»»

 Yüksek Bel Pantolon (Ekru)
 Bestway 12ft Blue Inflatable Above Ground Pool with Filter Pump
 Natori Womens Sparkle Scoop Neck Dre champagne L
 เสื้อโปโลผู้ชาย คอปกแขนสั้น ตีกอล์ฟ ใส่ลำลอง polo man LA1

««
»»

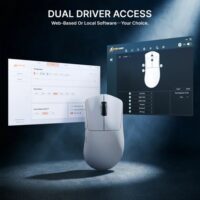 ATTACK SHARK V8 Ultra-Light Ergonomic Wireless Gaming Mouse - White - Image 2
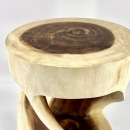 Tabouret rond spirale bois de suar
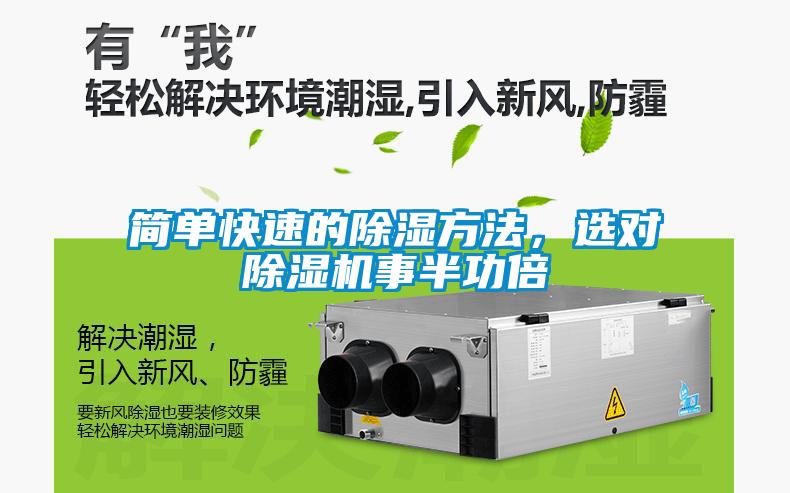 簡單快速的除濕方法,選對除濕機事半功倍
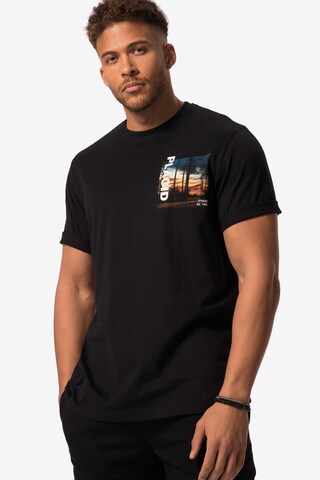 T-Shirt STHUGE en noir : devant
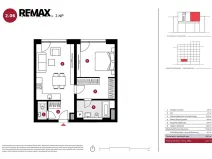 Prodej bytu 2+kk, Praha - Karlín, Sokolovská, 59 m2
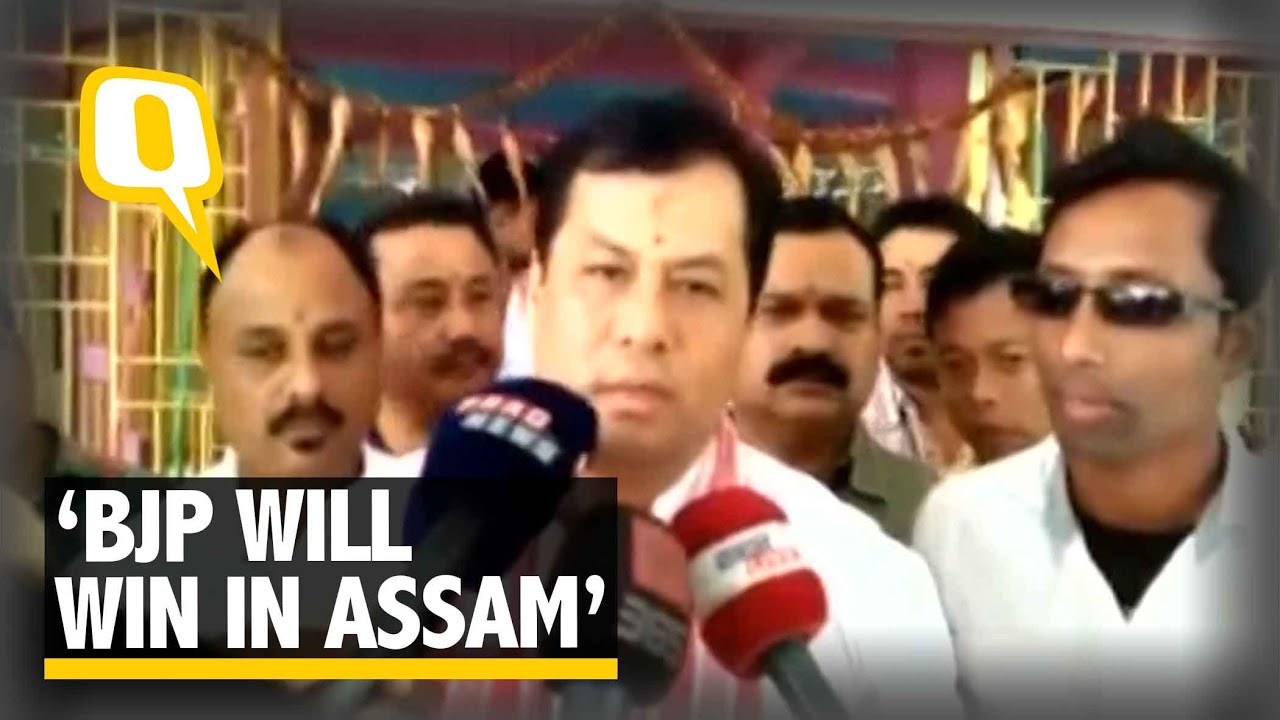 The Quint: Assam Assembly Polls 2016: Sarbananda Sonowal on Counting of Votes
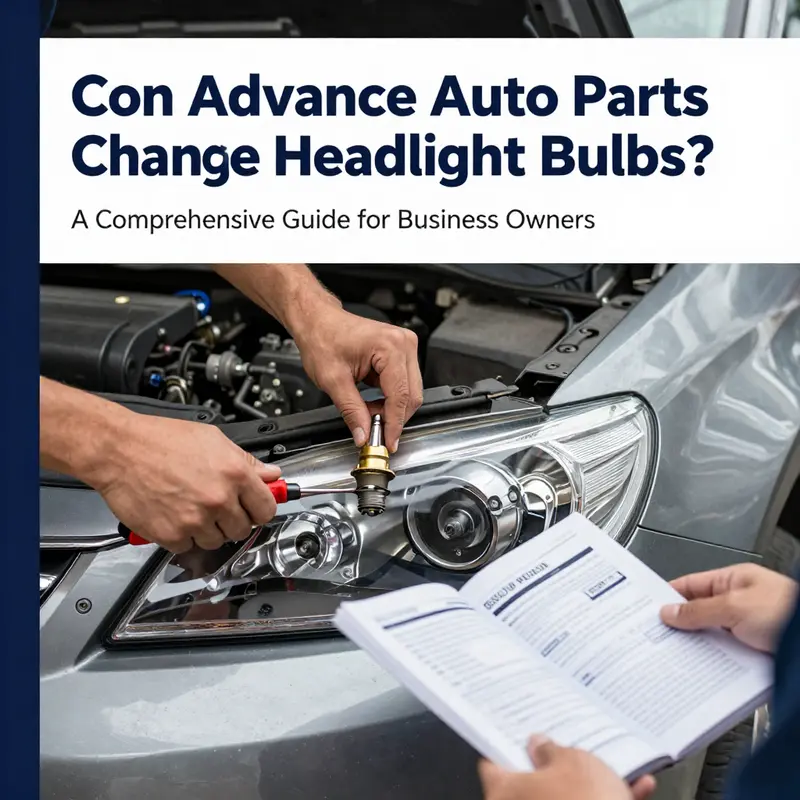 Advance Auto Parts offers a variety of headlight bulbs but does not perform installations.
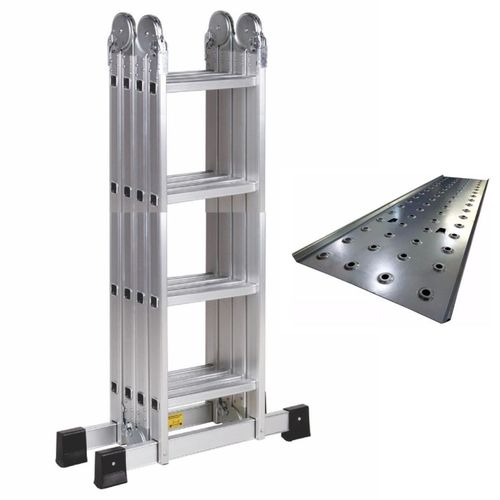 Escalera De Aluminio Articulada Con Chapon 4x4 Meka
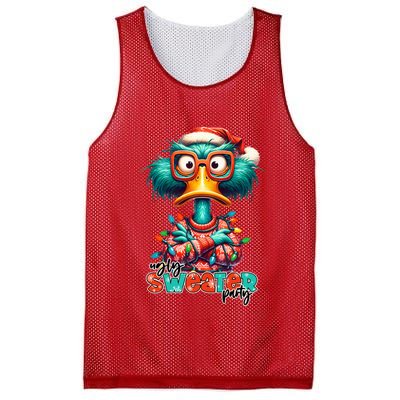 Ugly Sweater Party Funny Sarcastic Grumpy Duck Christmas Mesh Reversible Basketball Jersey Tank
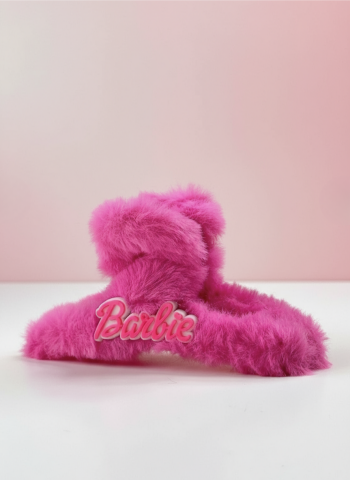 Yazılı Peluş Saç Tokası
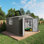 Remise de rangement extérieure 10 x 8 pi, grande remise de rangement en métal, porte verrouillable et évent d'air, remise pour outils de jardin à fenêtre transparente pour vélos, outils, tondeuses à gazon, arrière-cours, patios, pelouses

««
»»

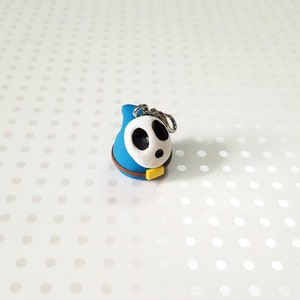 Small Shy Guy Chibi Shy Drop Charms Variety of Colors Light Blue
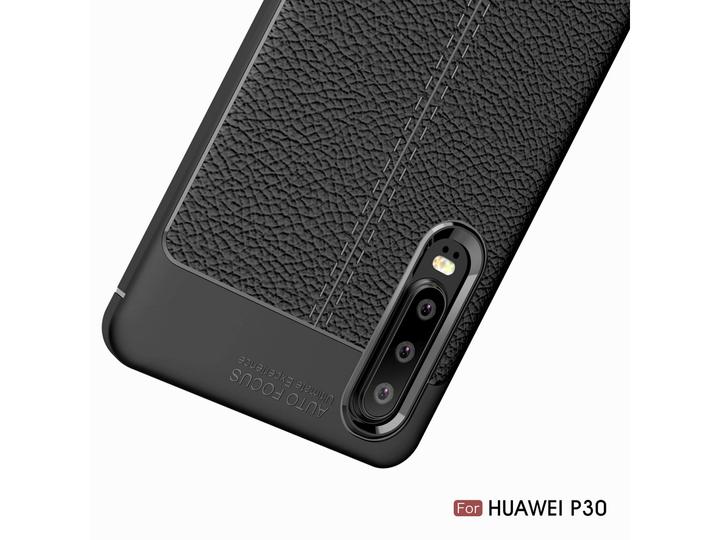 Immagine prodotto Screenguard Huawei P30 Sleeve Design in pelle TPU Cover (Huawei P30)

««

## What you should do
Could you repeat exactly the lines above from the line with "Yüksek Bel Pantolon (Ekru)" up to and including the line with "เสื้อโปโลผู้ชาย คอปกแขนสั้น ตีกอล์ฟ", and only those?

## Task answer
 Yüksek Bel Pantolon (Ekru)
 Bestway 12ft Blue Inflatable Above Ground Pool with Filter Pump
 Natori Womens Sparkle Scoop Neck Dre champagne L
 เสื้อโปโลผู้ชาย คอปกแขนสั้น ตีกอล์ฟ ใส่ลำลอง polo man LA1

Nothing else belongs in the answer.